[ACTION ITEM]
Find the line holding "Dries Van Noten DRIES" in the entries below. Give it again exactly, along with every line after it up to and including the line holding "Land Rover Discovery 2016 — миниатюра 12".

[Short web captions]

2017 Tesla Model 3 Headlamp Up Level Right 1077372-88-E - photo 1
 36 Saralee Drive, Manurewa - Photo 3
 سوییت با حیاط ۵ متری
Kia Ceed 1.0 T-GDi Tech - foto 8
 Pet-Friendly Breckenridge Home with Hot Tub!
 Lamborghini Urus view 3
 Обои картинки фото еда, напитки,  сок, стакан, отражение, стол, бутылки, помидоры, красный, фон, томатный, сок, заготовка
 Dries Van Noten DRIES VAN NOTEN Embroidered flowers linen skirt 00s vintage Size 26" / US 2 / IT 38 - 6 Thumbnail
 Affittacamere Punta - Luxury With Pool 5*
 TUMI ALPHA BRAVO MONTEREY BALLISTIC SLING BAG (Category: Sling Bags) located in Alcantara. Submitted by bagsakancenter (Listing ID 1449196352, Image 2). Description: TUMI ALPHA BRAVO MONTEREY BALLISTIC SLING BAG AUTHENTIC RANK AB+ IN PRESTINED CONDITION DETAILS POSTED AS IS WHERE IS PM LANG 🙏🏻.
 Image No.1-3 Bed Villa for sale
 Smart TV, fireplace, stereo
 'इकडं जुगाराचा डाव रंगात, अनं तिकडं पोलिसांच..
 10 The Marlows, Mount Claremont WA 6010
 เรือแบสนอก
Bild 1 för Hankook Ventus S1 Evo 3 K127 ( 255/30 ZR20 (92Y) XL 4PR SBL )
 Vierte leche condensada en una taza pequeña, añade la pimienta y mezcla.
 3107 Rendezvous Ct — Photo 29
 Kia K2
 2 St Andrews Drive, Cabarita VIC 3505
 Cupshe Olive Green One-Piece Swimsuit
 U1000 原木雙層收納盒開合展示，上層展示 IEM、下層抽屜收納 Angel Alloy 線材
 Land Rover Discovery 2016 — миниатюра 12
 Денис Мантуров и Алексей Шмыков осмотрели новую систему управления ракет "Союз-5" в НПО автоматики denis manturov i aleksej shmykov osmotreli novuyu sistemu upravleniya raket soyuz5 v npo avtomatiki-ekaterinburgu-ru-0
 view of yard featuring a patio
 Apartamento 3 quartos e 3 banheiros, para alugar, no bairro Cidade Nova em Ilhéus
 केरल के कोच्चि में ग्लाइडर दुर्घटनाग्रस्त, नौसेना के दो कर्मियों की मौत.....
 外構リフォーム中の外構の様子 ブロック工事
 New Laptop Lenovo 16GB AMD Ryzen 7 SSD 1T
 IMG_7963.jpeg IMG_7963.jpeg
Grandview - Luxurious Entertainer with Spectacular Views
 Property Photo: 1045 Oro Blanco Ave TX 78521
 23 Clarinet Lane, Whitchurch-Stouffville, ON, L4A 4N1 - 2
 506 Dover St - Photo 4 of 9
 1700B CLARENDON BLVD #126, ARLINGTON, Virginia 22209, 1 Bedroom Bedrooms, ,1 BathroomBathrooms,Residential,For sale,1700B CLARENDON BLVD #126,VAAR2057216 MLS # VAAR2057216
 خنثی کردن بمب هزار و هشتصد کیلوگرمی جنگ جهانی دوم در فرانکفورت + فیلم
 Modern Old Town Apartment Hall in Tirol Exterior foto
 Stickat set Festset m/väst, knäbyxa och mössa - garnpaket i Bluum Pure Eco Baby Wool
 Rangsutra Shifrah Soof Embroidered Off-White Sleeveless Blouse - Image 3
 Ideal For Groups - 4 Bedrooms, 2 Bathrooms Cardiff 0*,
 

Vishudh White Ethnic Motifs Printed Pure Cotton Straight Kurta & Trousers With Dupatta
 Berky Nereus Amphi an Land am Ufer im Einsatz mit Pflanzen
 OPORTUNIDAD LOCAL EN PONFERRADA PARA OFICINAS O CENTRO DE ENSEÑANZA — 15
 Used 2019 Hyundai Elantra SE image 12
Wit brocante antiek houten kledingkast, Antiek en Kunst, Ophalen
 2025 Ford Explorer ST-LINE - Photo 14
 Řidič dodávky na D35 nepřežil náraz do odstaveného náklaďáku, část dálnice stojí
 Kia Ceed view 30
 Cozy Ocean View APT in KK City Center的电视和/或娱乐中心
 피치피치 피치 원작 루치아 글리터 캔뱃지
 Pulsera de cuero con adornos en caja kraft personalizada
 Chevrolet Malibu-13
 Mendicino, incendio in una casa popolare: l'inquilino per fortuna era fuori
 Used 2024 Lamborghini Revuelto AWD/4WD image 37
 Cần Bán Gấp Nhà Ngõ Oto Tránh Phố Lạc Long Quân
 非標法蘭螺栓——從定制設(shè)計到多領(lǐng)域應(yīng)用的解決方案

[COMPLETED EXERCISE]
 Dries Van Noten DRIES VAN NOTEN Embroidered flowers linen skirt 00s vintage Size 26" / US 2 / IT 38 - 6 Thumbnail
 Affittacamere Punta - Luxury With Pool 5*
 TUMI ALPHA BRAVO MONTEREY BALLISTIC SLING BAG (Category: Sling Bags) located in Alcantara. Submitted by bagsakancenter (Listing ID 1449196352, Image 2). Description: TUMI ALPHA BRAVO MONTEREY BALLISTIC SLING BAG AUTHENTIC RANK AB+ IN PRESTINED CONDITION DETAILS POSTED AS IS WHERE IS PM LANG 🙏🏻.
 Image No.1-3 Bed Villa for sale
 Smart TV, fireplace, stereo
 'इकडं जुगाराचा डाव रंगात, अनं तिकडं पोलिसांच..
 10 The Marlows, Mount Claremont WA 6010
 เรือแบสนอก
Bild 1 för Hankook Ventus S1 Evo 3 K127 ( 255/30 ZR20 (92Y) XL 4PR SBL )
 Vierte leche condensada en una taza pequeña, añade la pimienta y mezcla.
 3107 Rendezvous Ct — Photo 29
 Kia K2
 2 St Andrews Drive, Cabarita VIC 3505
 Cupshe Olive Green One-Piece Swimsuit
 U1000 原木雙層收納盒開合展示，上層展示 IEM、下層抽屜收納 Angel Alloy 線材
 Land Rover Discovery 2016 — миниатюра 12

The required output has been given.